Nel frattempo, qualche mese dopo, nel maggio del 1931, il Comune bandisce un concorso per la nomina del Vice-segretario e di due archivisti. Ma ritenuta la necessità di nominare, in via provvisoria fino all’espletamento del concorso, un archivista con le funzioni di capo della ripartizione del 5° settore, comprendente Stato Civile, Leva, Anagrafe e Statistica, per mantenere il buon funzionamento del servizio, nomina Giuseppe Perrozzi a ricoprire tale carica, perché di tutti gli applicati di segreteria è l’unico ad avere il diploma di licenza di maturità classica.
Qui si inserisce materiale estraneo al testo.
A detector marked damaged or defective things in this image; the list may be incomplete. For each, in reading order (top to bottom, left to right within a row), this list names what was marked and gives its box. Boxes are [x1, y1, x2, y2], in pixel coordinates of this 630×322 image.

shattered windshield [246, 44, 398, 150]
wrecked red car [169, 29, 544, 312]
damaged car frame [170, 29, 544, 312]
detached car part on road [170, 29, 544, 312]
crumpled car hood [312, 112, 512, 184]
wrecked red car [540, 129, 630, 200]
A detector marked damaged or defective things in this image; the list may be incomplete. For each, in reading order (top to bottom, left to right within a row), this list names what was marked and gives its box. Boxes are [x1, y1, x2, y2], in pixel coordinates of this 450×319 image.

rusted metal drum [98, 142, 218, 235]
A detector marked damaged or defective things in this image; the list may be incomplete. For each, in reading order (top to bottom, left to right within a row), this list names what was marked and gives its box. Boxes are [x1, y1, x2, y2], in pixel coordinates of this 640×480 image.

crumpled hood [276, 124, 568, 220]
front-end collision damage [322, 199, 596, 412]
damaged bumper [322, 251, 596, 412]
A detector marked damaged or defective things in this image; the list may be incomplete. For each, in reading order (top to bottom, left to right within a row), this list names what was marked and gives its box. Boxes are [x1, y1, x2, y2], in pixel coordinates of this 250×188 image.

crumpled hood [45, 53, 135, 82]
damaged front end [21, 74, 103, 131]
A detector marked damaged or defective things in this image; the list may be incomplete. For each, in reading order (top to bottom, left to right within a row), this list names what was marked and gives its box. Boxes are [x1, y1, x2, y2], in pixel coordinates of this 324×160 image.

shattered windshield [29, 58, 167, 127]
La sua raccolta poetica più importante è senz’altro Li piaghe di lu Uaste, pubblicato per i tipi Arte della stampa nel 1946. Di rilievo anche i volumi Dicémele a la nostre (1966), con la traduzione di dialetto abruzzese di alcuni canti della Divina Commedia, e Tempi lontani, poesie in tono minore ma piene di ricordi (1970). Nel 1969 ha curato la pubblicazione Luigi Anelli, nella vita e nelle opere, con la raccolta completa delle opere dialettali ed è stato uno dei principali promotori per l’erezione di un busto in suo onore nella villa comunale (purtroppo trafugato negli anni ‘90).
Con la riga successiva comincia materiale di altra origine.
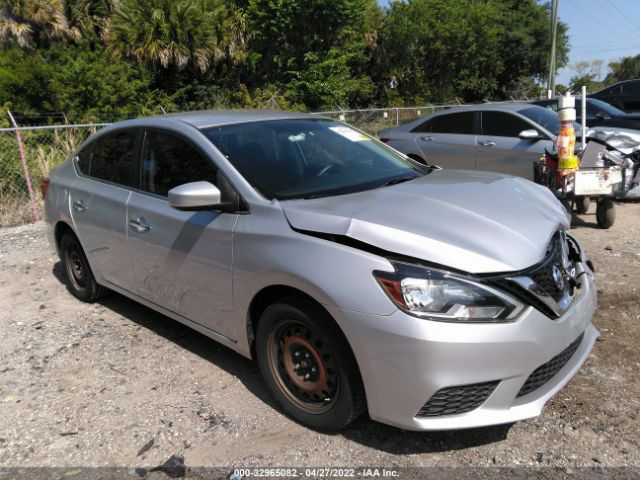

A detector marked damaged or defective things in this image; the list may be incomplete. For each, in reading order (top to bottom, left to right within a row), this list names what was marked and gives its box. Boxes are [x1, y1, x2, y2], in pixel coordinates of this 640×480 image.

crumpled hood [282, 169, 568, 274]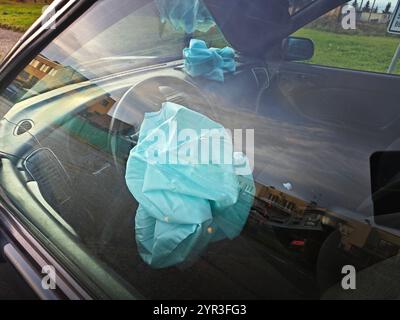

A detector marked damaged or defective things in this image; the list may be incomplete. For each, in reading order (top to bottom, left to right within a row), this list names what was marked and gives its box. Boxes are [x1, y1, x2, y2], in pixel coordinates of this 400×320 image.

deployed airbag [184, 38, 236, 82]
deployed airbag [126, 102, 255, 268]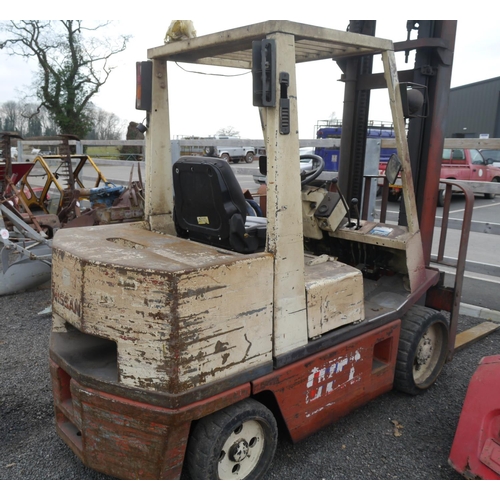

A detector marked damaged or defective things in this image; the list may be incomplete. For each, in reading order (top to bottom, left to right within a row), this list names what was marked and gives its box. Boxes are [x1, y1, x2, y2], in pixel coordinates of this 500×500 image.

rusty metal body [48, 20, 458, 480]
rusty metal body [448, 354, 500, 478]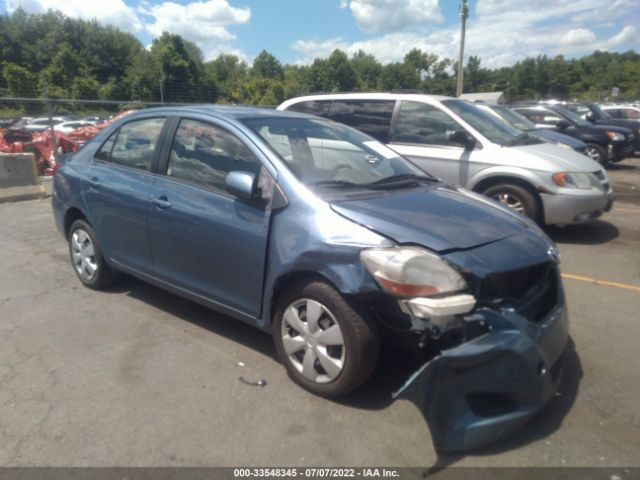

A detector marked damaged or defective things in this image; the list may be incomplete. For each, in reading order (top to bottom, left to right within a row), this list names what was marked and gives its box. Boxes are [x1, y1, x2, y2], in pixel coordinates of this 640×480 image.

damaged blue sedan [51, 106, 568, 454]
cracked headlight [360, 248, 464, 296]
crushed front bumper [392, 304, 568, 454]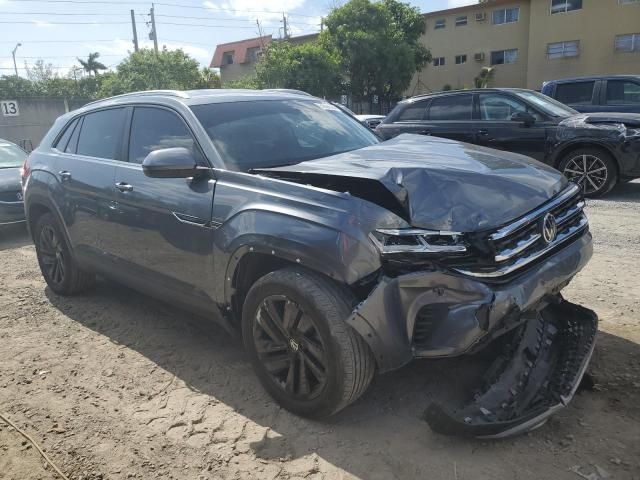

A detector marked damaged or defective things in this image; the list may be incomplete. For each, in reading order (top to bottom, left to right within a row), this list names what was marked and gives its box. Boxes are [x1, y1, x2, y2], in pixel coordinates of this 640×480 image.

crumpled hood [0, 168, 21, 192]
crumpled hood [258, 134, 568, 233]
damaged gray suv [22, 90, 596, 438]
broken headlight [368, 229, 468, 255]
detached bumper piece on ground [422, 300, 596, 438]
Chiudiamo con un breve ricordo d’infanzia, scritto dal Perrozzi per una pubblicazione “Vasto 1966”, dove ci descrive la Marina dei primi anni del Novecento:
Stabilimento La Sirena di cui parla Perrozzi
“Quando bambino scendevo al mare per tuffarmi, sotto lo sguardo vigile di chi concepiva il bagno come un rito, unico toccasana benefico apportatore di valida salute, avevo la sensazione che qualcosa di nuovo, di attraente, mi fosse riserbato. La traballante carrozza de la Ciacianelle, dai freni cigolanti, ci portava al mare su di una strada brecciosa, polverosa, assolata e questo viaggio, ricordo, era la prima gioiosa, desiderata avventura, mentre mia madre e le mie sorelle recitavano il rosario. La carrozza sorpassava i binari della ferrovia (non esisteva ancora il sottopassaggio) fra sobbalzi da far trattenere il respiro ed eccoci finalmente di fronte al luccichìo del mare. Quando ancora nessuna, dico nessuna delle spiagge abruzzesi era dotata di uno stabilimento balneare, Vasto aveva «La Sirena», una vera primizia, un gioiello a quei tempi, che con 24 gabine su palafitte, dodici per parte, si ergeva a tre metri circa dal pelo d’acqua. Una rampa d’accesso a mò di pontile, s’inoltrava nel mare e finiva in una spaziosa rotonda. Quest’impianto, concedeva ai vastesi la possibilità di fare i bagni. Dentro ciascuna gabina, si apriva una botola dalla quale partiva una scaletta che poggiava sul fondo del mare”.